◆ **Task to complete**:
In the records below, find the line containing "Hach sensION+ EC71" and return it together with every later line, exactly as written; pictures are to be omitted.

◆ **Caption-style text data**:
......
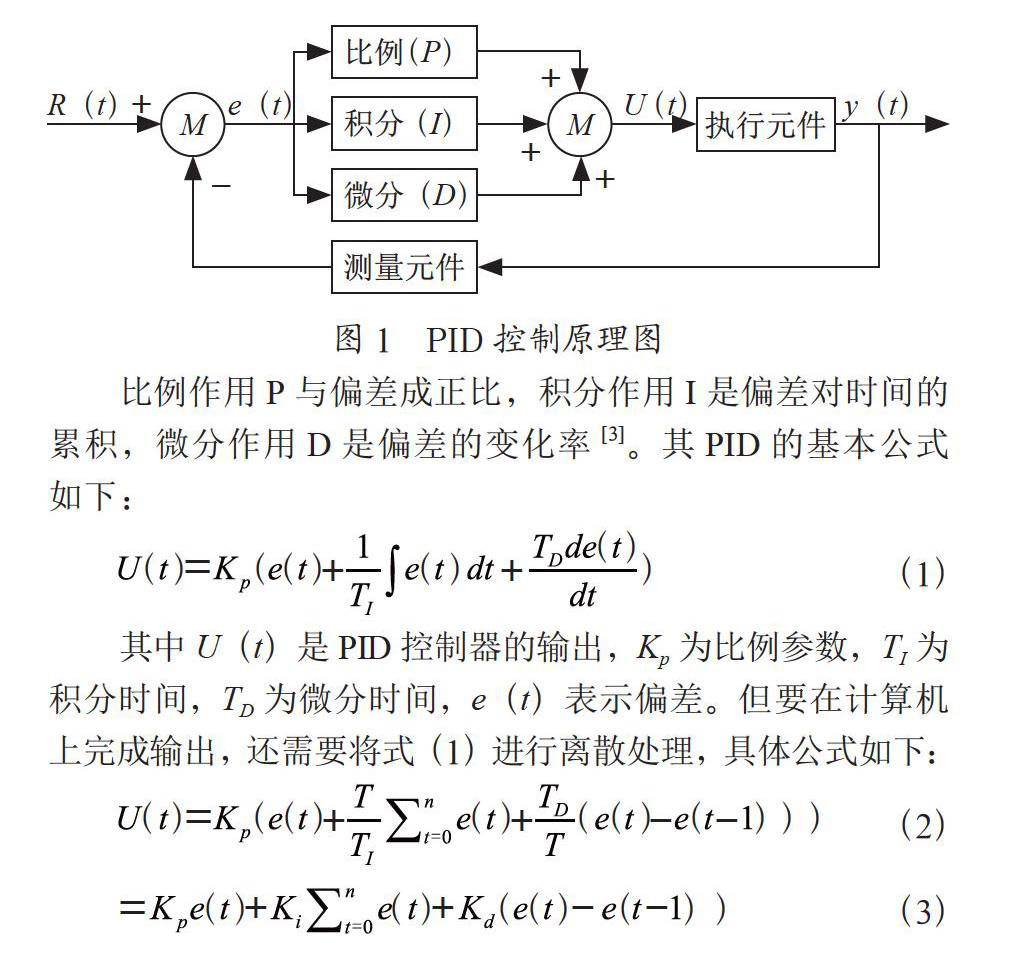 基于遗传算法优化的增量式PID控制器设计与实现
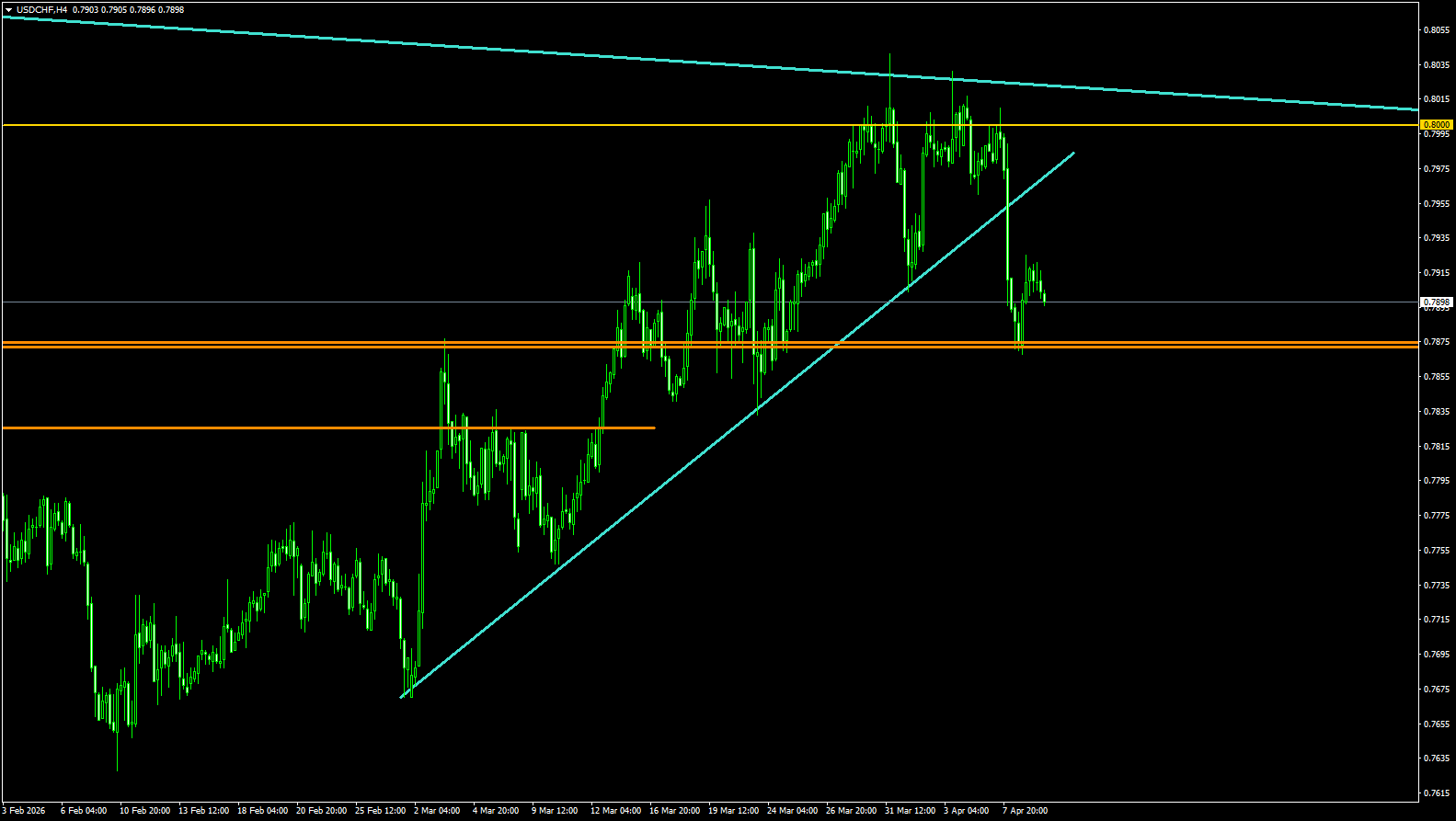 USD/CHF
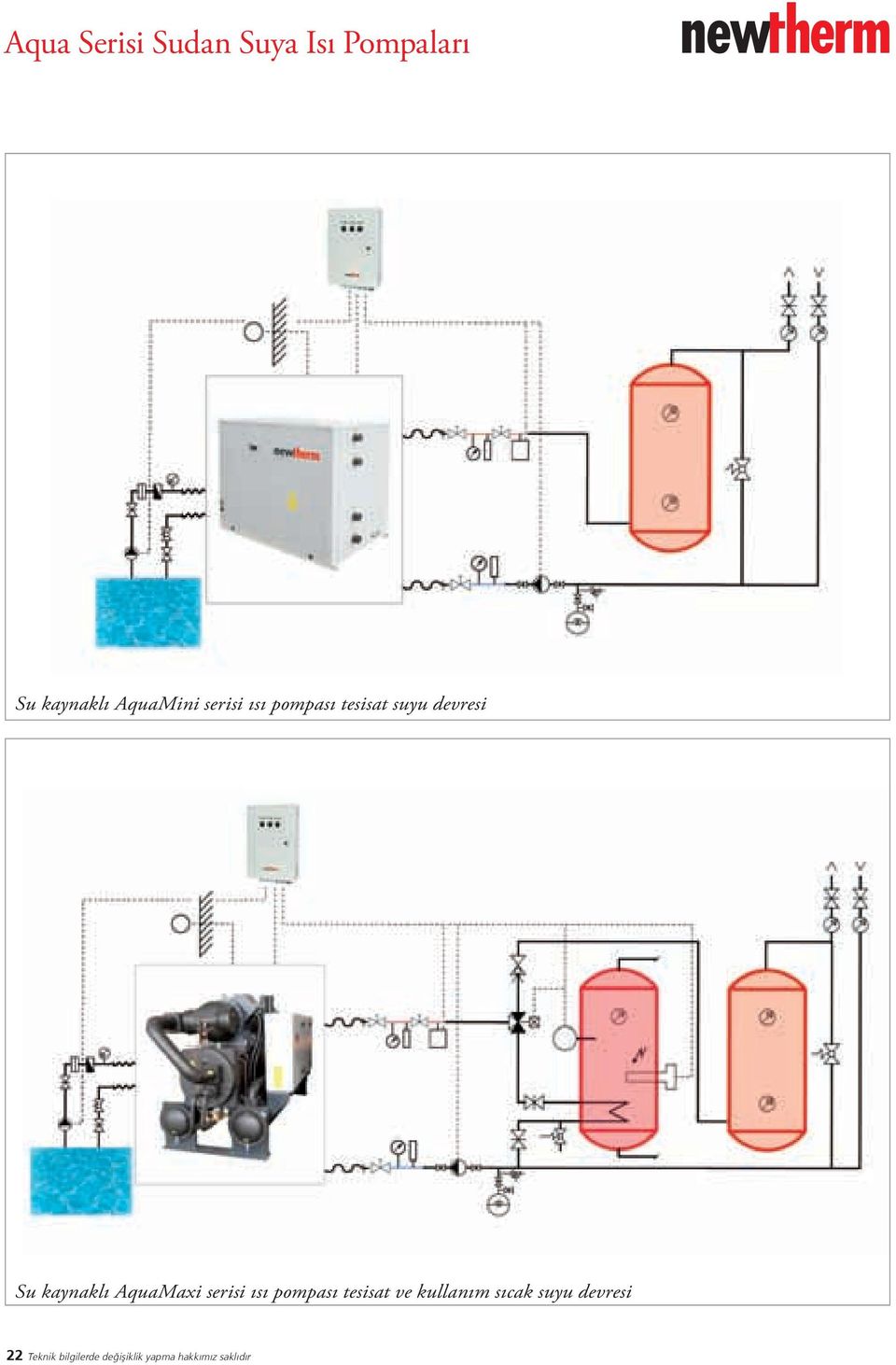 AquaMaxi serisi ısı pompası tesisat ve kullanım sıcak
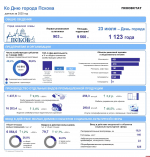 Более 5,3 тысячи предприятий и организаций зарегистрировано в Пскове - Псковстат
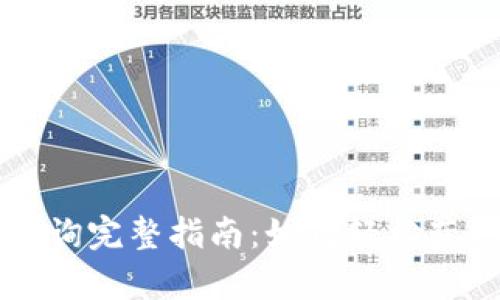 tpWallet交易记录查询完整指南：如何轻松获取你的历史交易信息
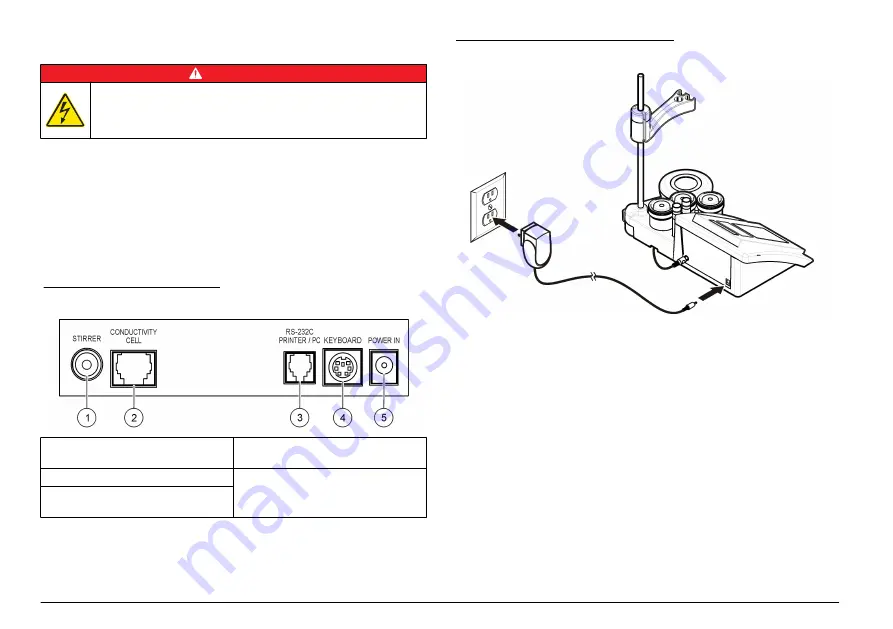 Hach sensION+ EC71 User Manual Download Page 50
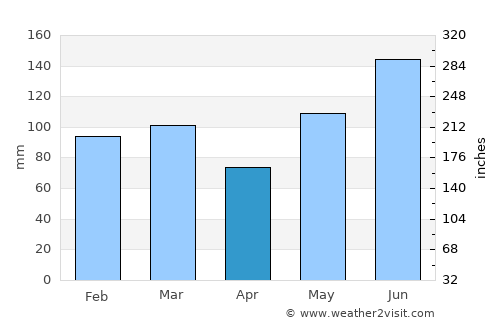 Seagate average rain in April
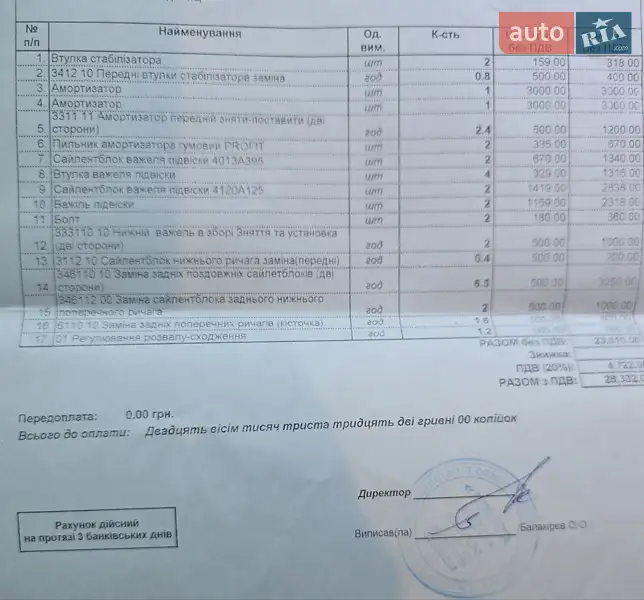 Седан Mitsubishi Lancer 2008 в Рівному документ 5 фото Седан Mitsubishi Lancer 2008 в Рівному документ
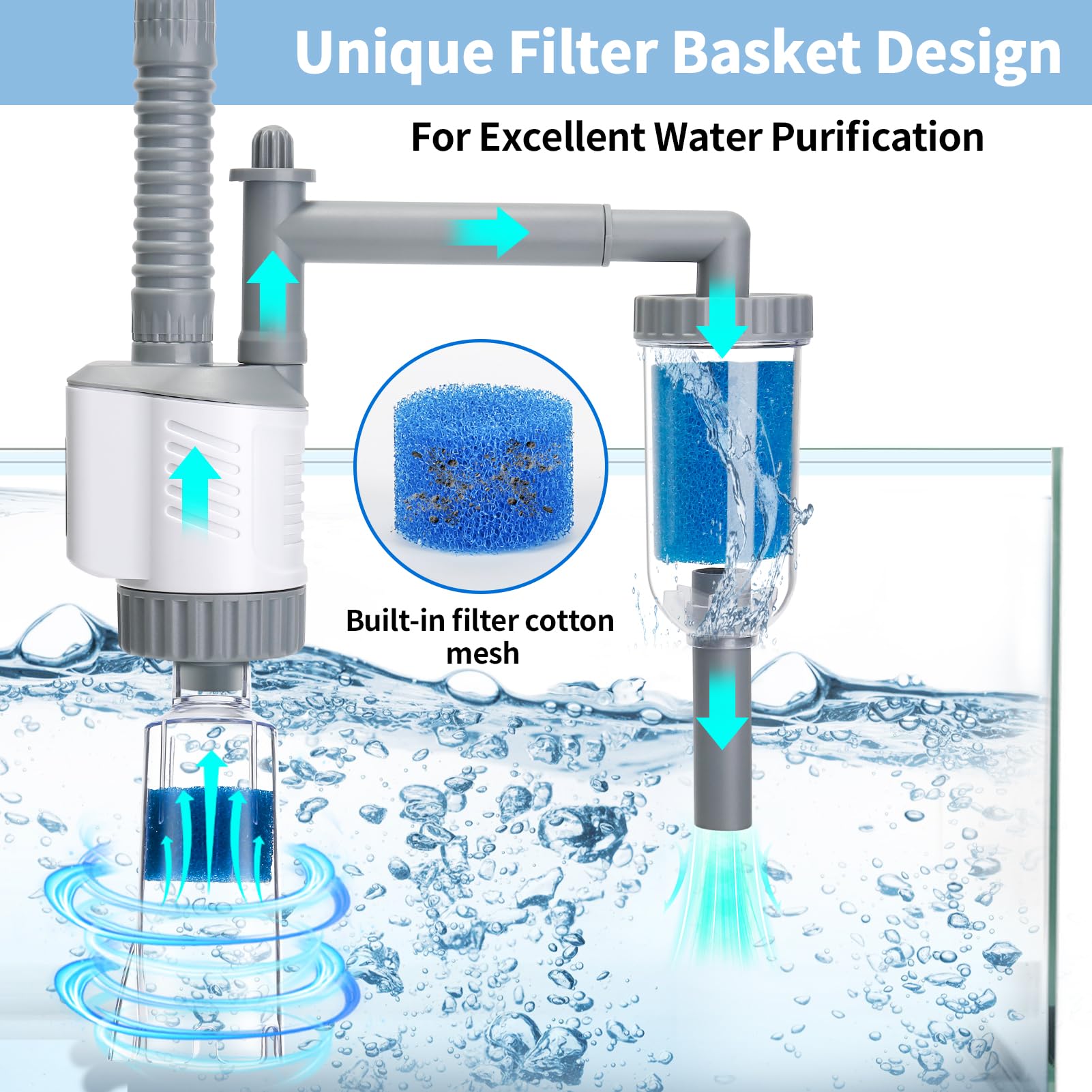 6 En 1 Aspirador Automático para Acuario, Limpiafondos Acuario, Sifonador Acuario Cambiador De Agua para Acuario Limpiador Cambio De Agua Lavado De Arena Y Absorción De Heces (Blanco)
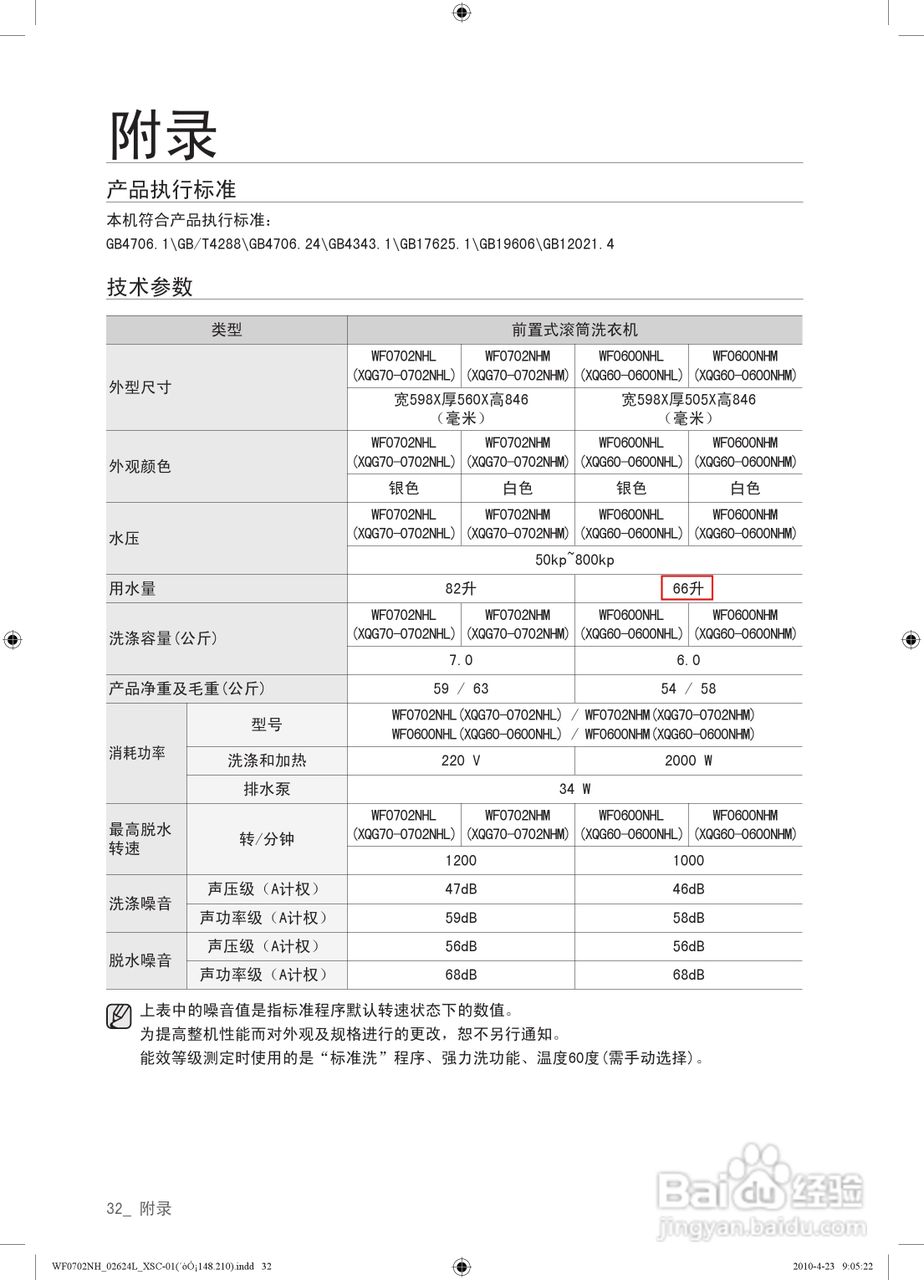 三星WF0702NHM滚筒洗衣机使用说明书:[4]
......
◆ **Response to the task**:
 Hach sensION+ EC71 User Manual Download Page 50
 Seagate average rain in April
 Седан Mitsubishi Lancer 2008 в Рівному документ 5 фото Седан Mitsubishi Lancer 2008 в Рівному документ
 6 En 1 Aspirador Automático para Acuario, Limpiafondos Acuario, Sifonador Acuario Cambiador De Agua para Acuario Limpiador Cambio De Agua Lavado De Arena Y Absorción De Heces (Blanco)
 三星WF0702NHM滚筒洗衣机使用说明书:[4]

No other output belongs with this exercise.